In shutdown fight, fiscal hawks in US Congress push for flat spending

By Bo Erickson

WASHINGTON (Reuters) -Republican fiscal hawks in Congress are making a new pitch in the struggle to end the longest government shutdown in U.S. history: Continue to spend at the same rate as last year for as long as possible.

That approach would not cut discretionary spending but also not add to the roughly one-quarter of the $7 trillion federal budget that lawmakers are fighting about, and to some observers also represents a resignation that the deeply divided institution is unlikely to agree on a path forward anytime soon.

The idea did not have broad support among President Donald Trump’s Republicans, who hold majorities in the Senate and House of Representatives, and would mean they were ready to leave the budget essentially unchanged from levels agreed to under Democratic former President Joe Biden, adding about $1.8 trillion a year to the nation’s $38 trillion in debt.

The hardline House Freedom Caucus, influential in the Republicans’ 219-213 House majority, argued in a policy statement for a stopgap funding bill, known as a continuing resolution, with an “ideal” end-date after the November 2026 midterm elections  — well after the current fiscal year ends on September 30, 2026. 

That proposal, the group said, would “effectively keep federal discretionary spending flat at the same levels since 2023, and it will block any further effort by Democrats and the Swamp to advance a budget-busting, pork-filled, lobbyist handout.”

It would make a change from a group that long opposed continuing resolutions, known as CRs, because they did not cut spending.

“Many conservatives have been reluctant to support continuing resolutions in the past,” said Matthew Dickerson, budget director at the conservative Economic Policy Innovation Center, noting a change in tactic after Congress in March 2025 passed a full-year stopgap bill – with the help of Democratic votes – and then went on to pass Trump’s signature tax and spending bill with only Republican votes.

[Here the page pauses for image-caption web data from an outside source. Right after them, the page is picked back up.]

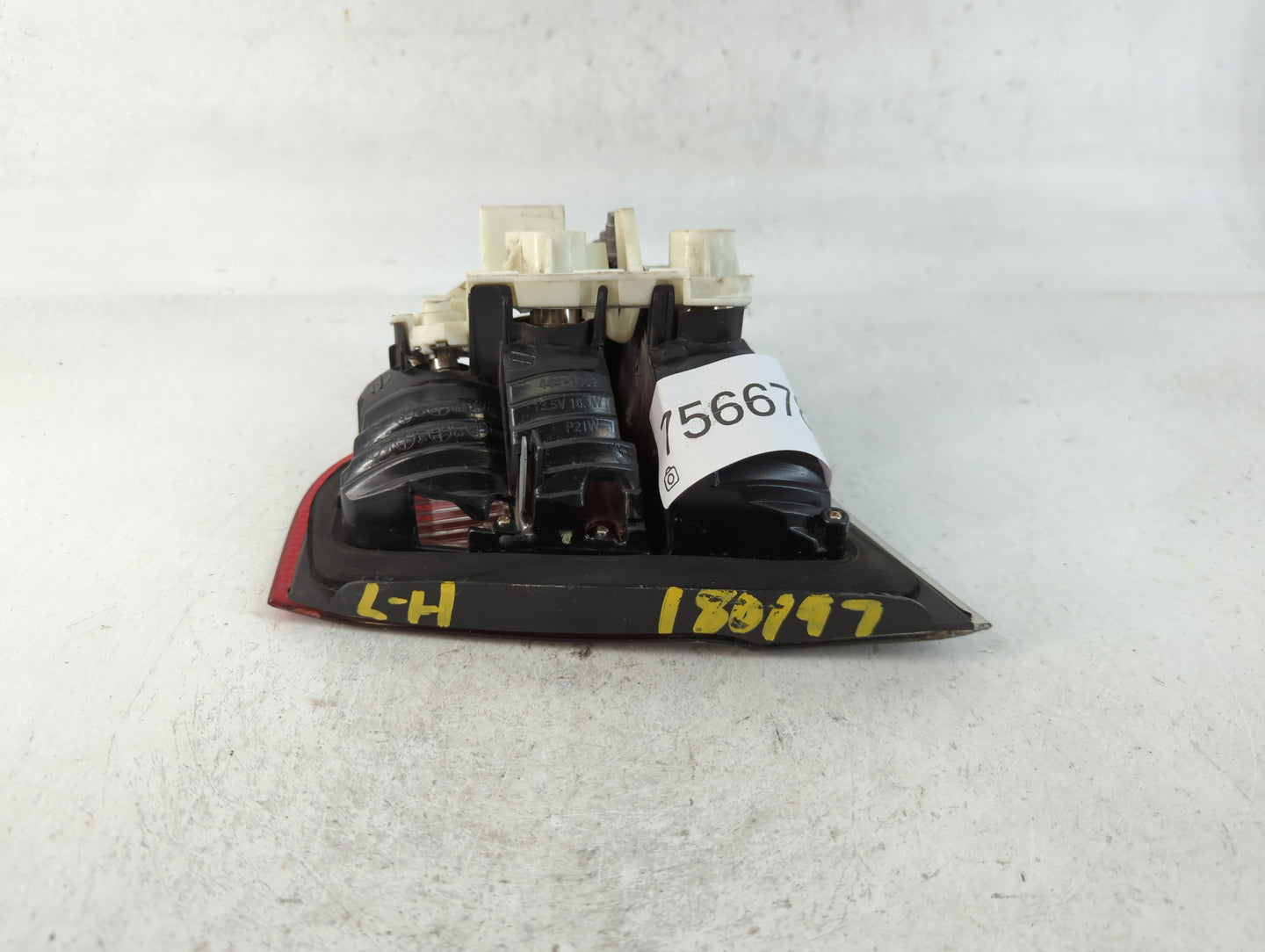 2007-2008 Bmw 328i Tail Light Assembly Driver Left OEM P/N:01857154 Fits Fits 2006 2007 2008 OEM Used Auto Parts - Oemusedau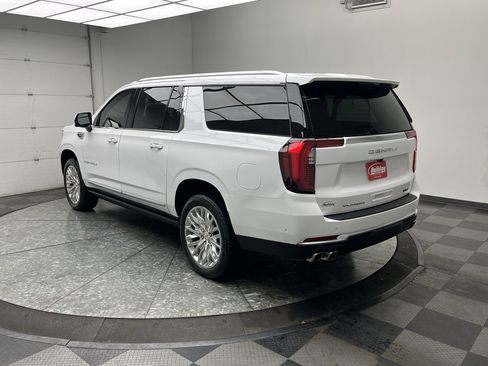 Certified 2025 GMC Yukon XL Denali w/ Sun & Power Step Package image 37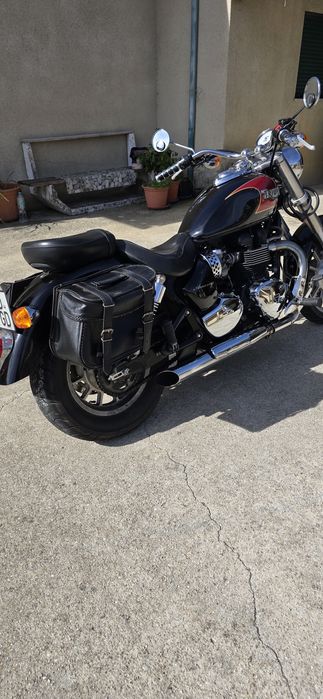 Mota Triumph America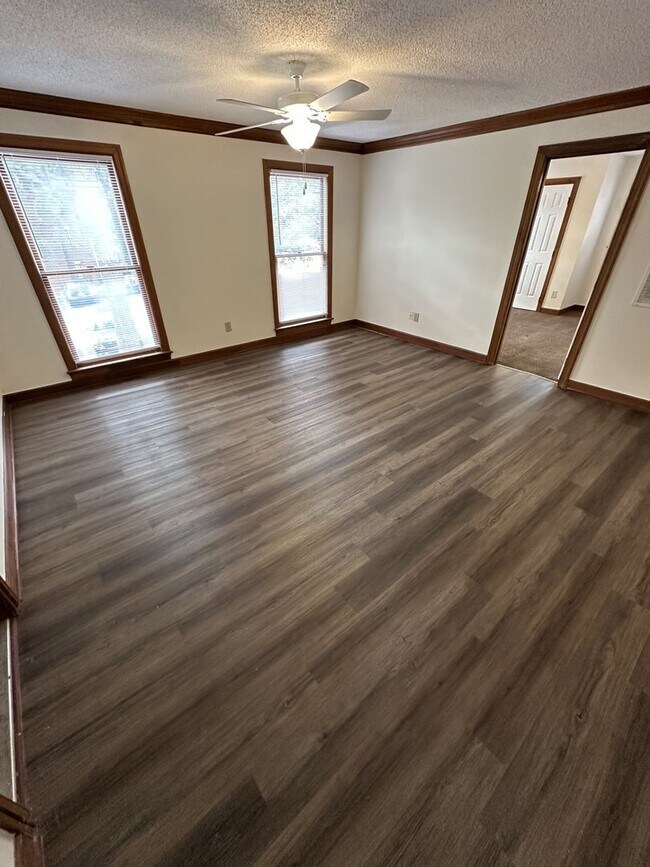 Building Photo - 2 Bedroom 2 Bathroom Condo!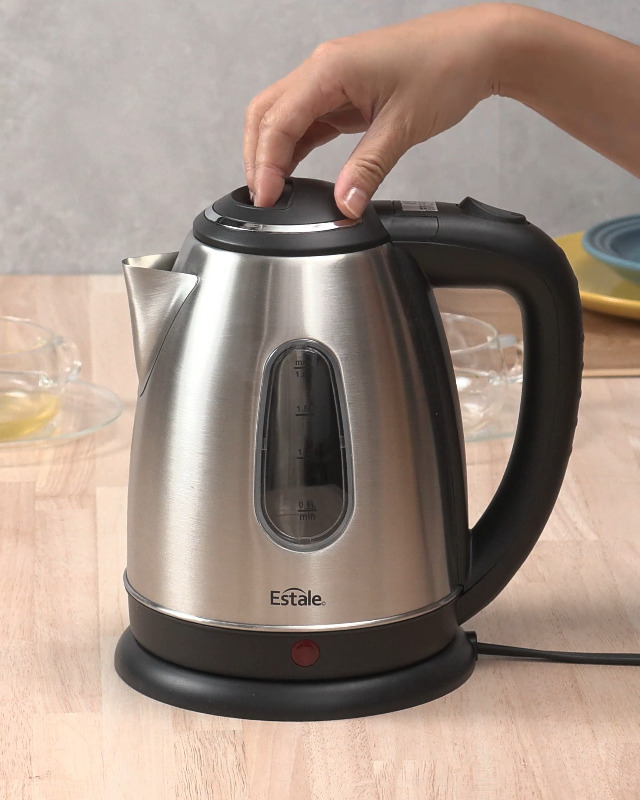 Estale やかん スタイルが おしゃれ ワンタッチ ステンレス 電気ケトル 2リットル (脱着可能なコードレスタイプ) MEK-26 dwos6rj Amazon | Estale やかん スタイルが おしゃれ ワンタッチ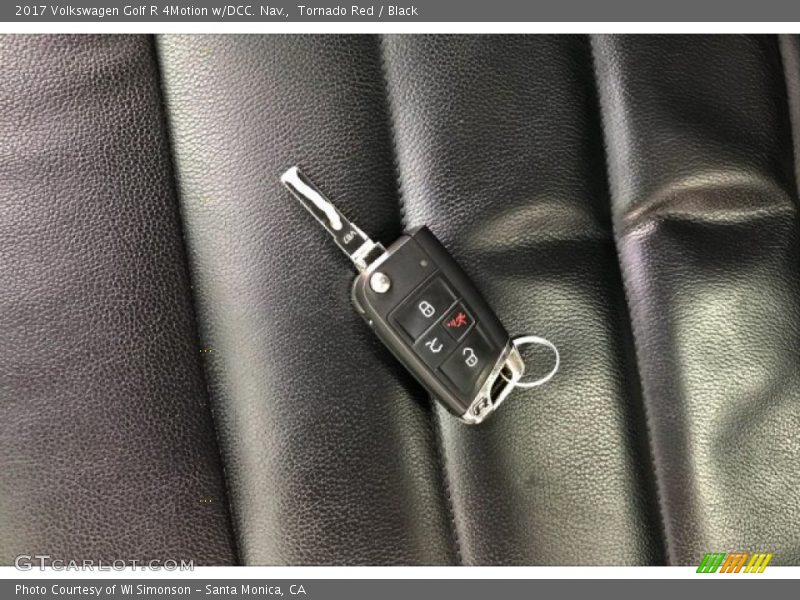 Keys of 2017 Golf R 4Motion w/DCC. Nav.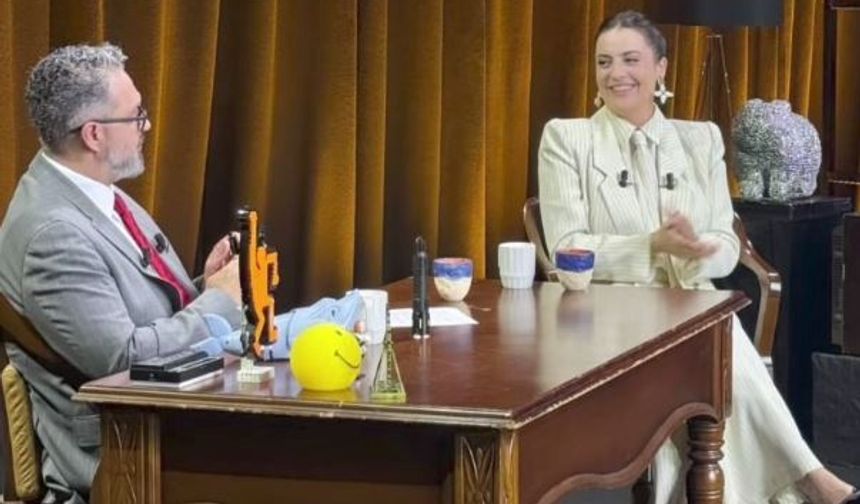 İrem Sak'tan havalimanı röportajı veren ünlülere taş! Görmediniz çünkü çağırmadık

“Many of those same dynamics and challenges are still in play now, leading conservatives in the House, Senate, and the administration to see a long-term CR as the most responsible compromise,” Dickerson added.  

‘BEST WE CAN DO’

Senator Ron Johnson, a Wisconsin Republican, said in an interview that a longer-term CR is “probably the best we can do, unfortunately.” 

This push for another full-year CR is at odds with Senate Majority Leader John Thune’s promise to pursue the regular appropriations process that calls for Congress to pass 12 appropriations bills — something that it has failed to do on time in almost three decades.

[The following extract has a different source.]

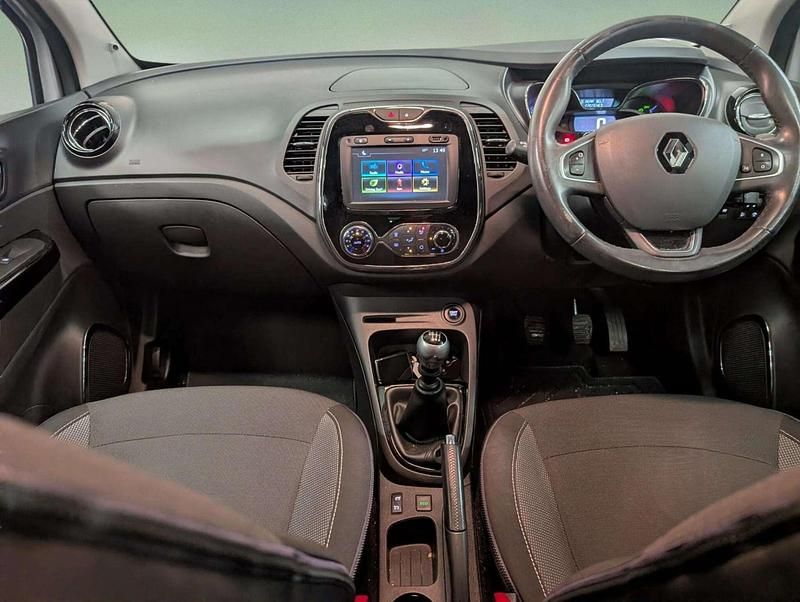 Used Renault Captur Dynamique 120 HP (88 kW) 2016 Silver/black SUV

Republican Senate Appropriations Chair Susan Collins of Maine instead pushed for a stopgap funding bill to reopen the government that would last into December, meant to buy time for lawmakers to agree on a broader deal.

Other Senate Republicans argued for a mid-January timeline to allow for more funding negotiations.

Senator Patty Murray, the top Democrat on the appropriations committee, this year dismissed full-year CRs as a “power grab” because it cedes congressional spending authority to the executive.

Most Senate Democrats have voted 14 times against a stopgap funding bill, passed by the Republican-controlled House in September, that was meant to patch government funding until November 21 so the appropriations process could continue after the end of the fiscal year on September 30.

Democrats are withholding their votes to reopen government as they push for a fix to healthcare insurance subsidies, and other hot-button issues like how senators could address the Trump administration’s firings of federal workers. 

“By appropriating, we are following President Trump’s initiatives and the things that he’s put in his budget,” said Senator John Hoeven of North Dakota, a Republican appropriator, rejecting the idea.

Another issue: extending a stopgap funding bill does not include the Trump administration’s rescission cuts to foreign aid spending, nor any changes to the federal government workforce stemming from the Department of Government Efficiency, increasing the prospect of more partisan rescissions.